Heart-stopping footage shows a rookie deputy in California examining fentanyl during a drug bust — then keeling over and almost dying from an overdose just from being “too close” to it.
San Diego sheriff’s Deputy David Faiivae was shown examining the white powder in a car last month, with his training officer, Corporal Scott Crane, telling him, “That stuff’s no joke, it is super dangerous,” according to a video put out by police as a warning.
As Crane tells him he is “too close,” Faiivae suddenly stiffens up — and collapses on the ground, the bodycam footage released Thursday shows.
“He was ODing,” Crane recalled later, with the footage showing the trainee lying rigid on the ground from the accidental exposure.
“I got you, OK? I’m not gonna let you die,” Crane tells him, putting Narcan in both of the officer’s nostrils to try to reverse the effects of the synthetic opioid that can be 100 times more potent than morphine.
“I’m not gonna let you die,” he repeated, desperately telling his trainee to “breathe, buddy, breathe!”
“I’m trying not to let him go — I wanted him to know he wasn’t alone,” Crane said later, his voice cracking with emotion.
While the department did not detail exactly how the officer is thought to have been exposed, fentanyl can be released into the air as fine particles, which can be deadly if inhaled, according to the Centers for Disease Control and Prevention.

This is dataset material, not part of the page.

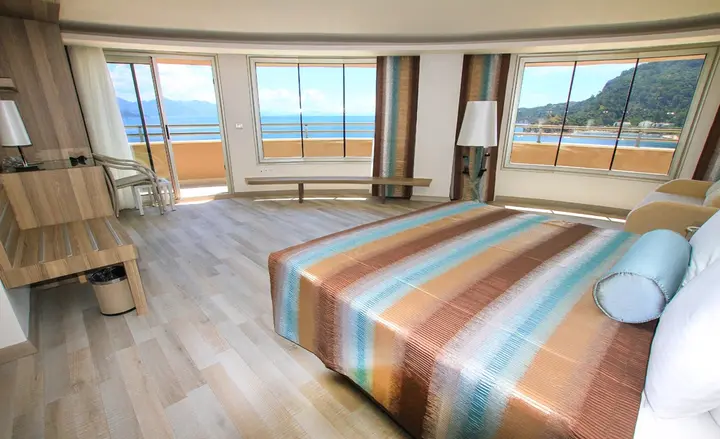 Турунч: Turunc Premium Hotel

Faiivae got emotional as he recalled how it all happened “in an instant.”
“I remember just not feeling right, and then I fall back,” he said. “It was as though my lungs locked up. I couldn’t breathe. I was trying to gasp for breath but I couldn’t breathe at all,” he said.
The clip shows an ambulance crew arriving and loading Faiivae on a gurney — when his “eyes rolled back in his head, and he started to OD again,” Crane recalled. “And was ODing the whole way to the hospital.”
While Faiivae has since recovered, the department released the distressing footage to highlight how fentanyl can be “an invisible killer,” as Crane put it.
“He would have died in that parking lot if alone,” he said of his partner.
The department’s warning video ended with the saved officer saying, “I’m Deputy David Faiivae, and I almost died of a fentanyl overdose.”